Penampilannya berubah-ubah dan sering membuatku terkejut. Pertama kali kulihat dia setelah bertahun tak bersua, dia berjilbab. Entah mengapa aku tersenyum saat mengenalinya. Esoknya dia memakai hijab yang lebih lebar menutupi seluruh tubuhnya, sampai aku terkejut dengan gaya berhijabnya. Entah mengapa lain waktu kulihat dia tak berhijab
aku jadi bertanya-tanya.
Karena seringnya bertemu di supermarket, aku jadi mulai memperhatikan dia, entah mengapa aku jadi memikirkan 'sesuatu'. Sesuatu yang entah mengapa setelah aku analisa dan perhatikan sepertinya mendekati kebenaran.
Dia begitu sering berada di supermarket, tapi yang dilakukannya ternyata adalah: pergi dari satu rak ke rak yang lain, terutama di area basah tempat buah, sayur dan frozen foods berada. Menata setiap item yang berserakan , dia menata ulang sehingga rapi kembali. Berpindah dari satu rak ke rak lain, terus berputar ke seluruh ruangan melakukan hal yang sama. Setiap kali tangannya basah karena bungkus barang-barang yang ditatanya itu telah mengembun di rak-rak freezer, dia mengusapkan kedua tangannya ke sisi kanan-kiri bajunya.
Entah mengapa ada pedih di dadaku. akirnya aku tahu apa yang dilakukannya di supermarket setiap hari. Bukan, bukan berbelanja seperti ibu-ibu yang lain yang banyak uang dan mengambil ini-itu seolah tanpa menghitung berapa jumlah uang yang nanti akan dibayarkan di kasir.
Aku bertanya pada salah satu pegawai berseragam yang ada di Supermarket itu. "Mas apakah Mbak itu salah satu pegawai di sini?" tanyaku. "Bukan Bu" jawabnya.

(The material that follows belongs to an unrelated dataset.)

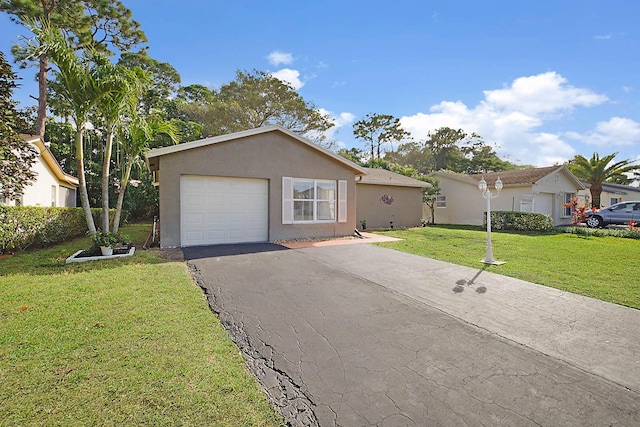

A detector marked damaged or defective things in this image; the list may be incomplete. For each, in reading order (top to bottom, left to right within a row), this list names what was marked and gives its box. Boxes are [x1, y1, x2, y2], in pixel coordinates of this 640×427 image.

cracked asphalt [182, 244, 636, 427]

Ada yang ingin kulakuakan, apakah itu tidak akan menyinggung harga dirinya? Ah kuperhatikan lagi dia dan entah apa yang menguatkan langkahku, kuhampiri dia.

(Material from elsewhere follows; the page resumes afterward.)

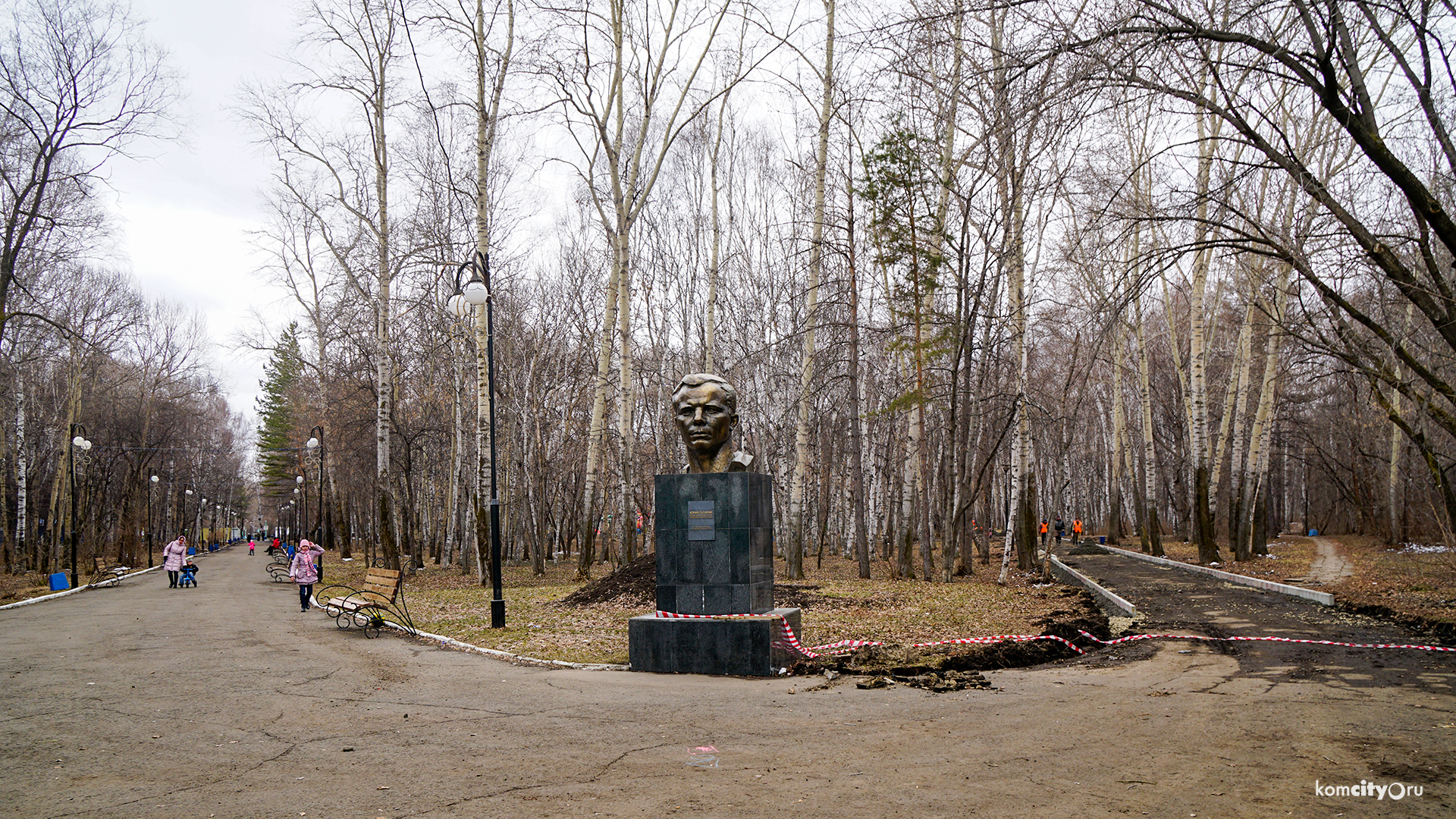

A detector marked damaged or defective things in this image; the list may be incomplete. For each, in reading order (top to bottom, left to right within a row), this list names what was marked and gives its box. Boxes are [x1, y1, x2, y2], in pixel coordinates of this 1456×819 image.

cracked pavement [0, 539, 1450, 810]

"Mbak, mau ngga saya belikan buah?" tawarku padanya yang sedang sibuk menata ulang isi freezer yang penuh bungkusan french fries.

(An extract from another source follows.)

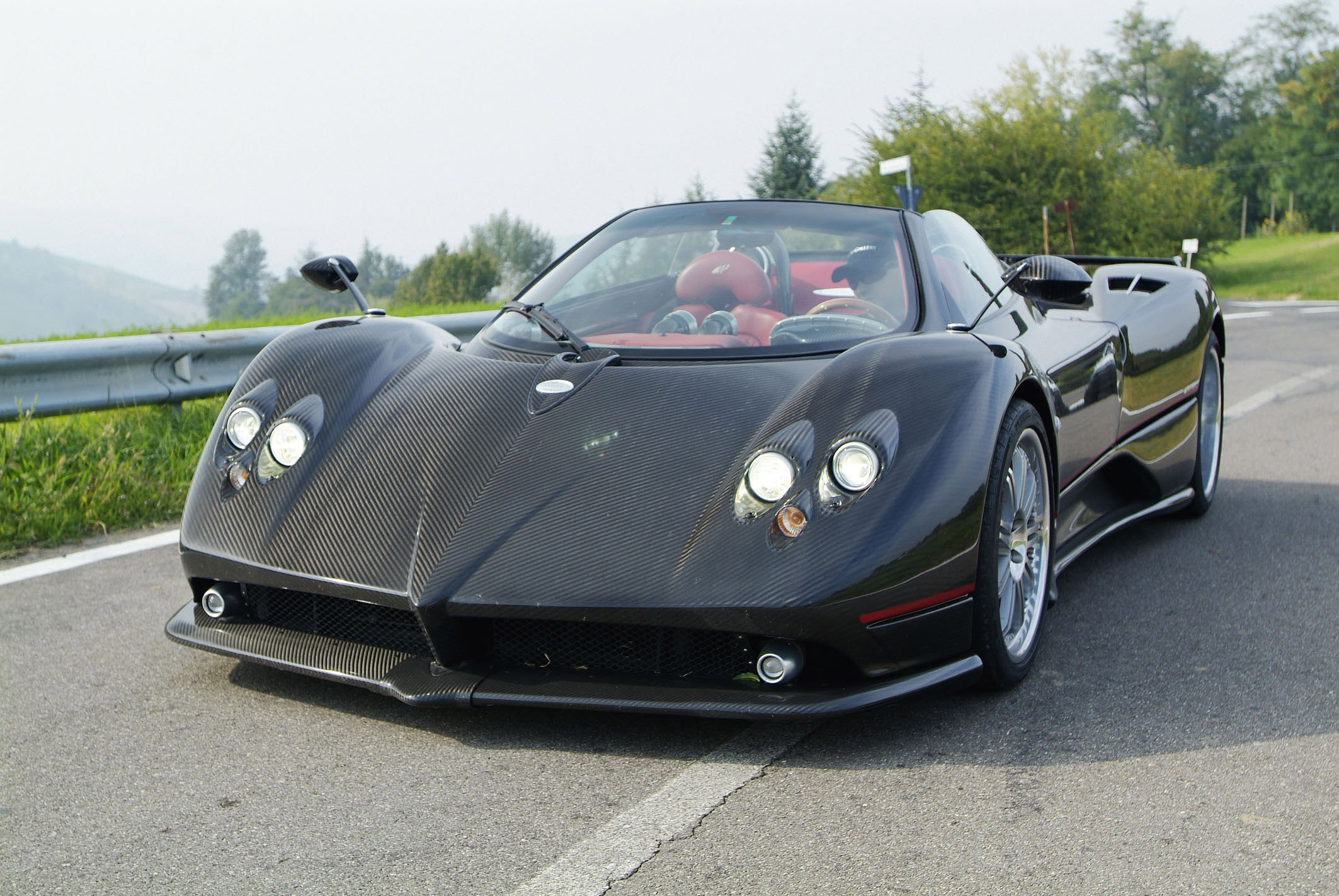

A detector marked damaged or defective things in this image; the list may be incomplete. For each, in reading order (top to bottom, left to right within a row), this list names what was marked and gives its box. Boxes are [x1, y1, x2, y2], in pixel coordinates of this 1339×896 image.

"O..oo.. buah, untuk apa Bu?" tanyanya terkejut, wajahnya terlihat sedikit gugup.
"Ya buat Mbak, biar Mbak sehat" tawarku, tersenyum.
"O..engga usah.." tolaknya "Sayaaa.. sudah punya buah, ada pisang... di rumah" Aku menangkap kekosongan di matanya. Hatiku trenyuh.
"Baiklah" dengan berat hati, aku kemudian meninggalkannya.
Sepanjang jalan pulang, airmataku berderai. Ya Allah berapa banyak wanita-wanita yang berada di posisi dia? Sepertinya dia tak punya siapa-siapa, karena aku selalu melihatnya sendirian menyusuri jalanan. Mungkin dia sedang bosan di rumah, Mungkin dia tak punya pekerjaan, tak punya uang, dan tak punya orang yang menyayanginya.
Setiap hari dia berjalan di jalanan untuk membuang bosan. Berpindah dari satu tempat ke tempat lainnya.
Hampir setiap hari dia pergi ke supermarket, bukan untuk berbelanja. Tapi hanya untuk menata barang-barang dari satu rak ke rak yang lain. Mungkin dia ingin terlihat seperti ibu-ibu yang lain. Yang berbelanja hampir setiap waktu. Memegang barang-barang kebutuhan sehari-hari yang mungkin hanya bisa dibeli oleh kalangan menengah ke atas.
Mungkin dia sedang menghibur diri, berpura-pura punya cukup uang untuk berbelanja di supermarket mewah. Mungkin dia sedang sangat suntuk di rumah, dan butuh pelampiasan murah meriah dengan jalan-jalan dan pura-pura belanja. Seribu 'mungkin' berkelana di kepalaku. Tapi semuanya membawaku kepada pengertian yang lebih dalam
"Ya Allah, ajarkan aku untuk selalu bersyukur. alangkah banyak nikmat yang Engkau limpahkan padaku, yang aku anggap 'sudah biasa' sehingga aku lupa mensyukurinya".
Terlalu banyak rencana yang ada di kepala, menunggu di eksekusi, yang membuatku fokus pada pencarian dan pencapaian, hingga aku lupa memikirkan apa saja yang sudah kupunya dan orang lain tidak punya, sama sekali.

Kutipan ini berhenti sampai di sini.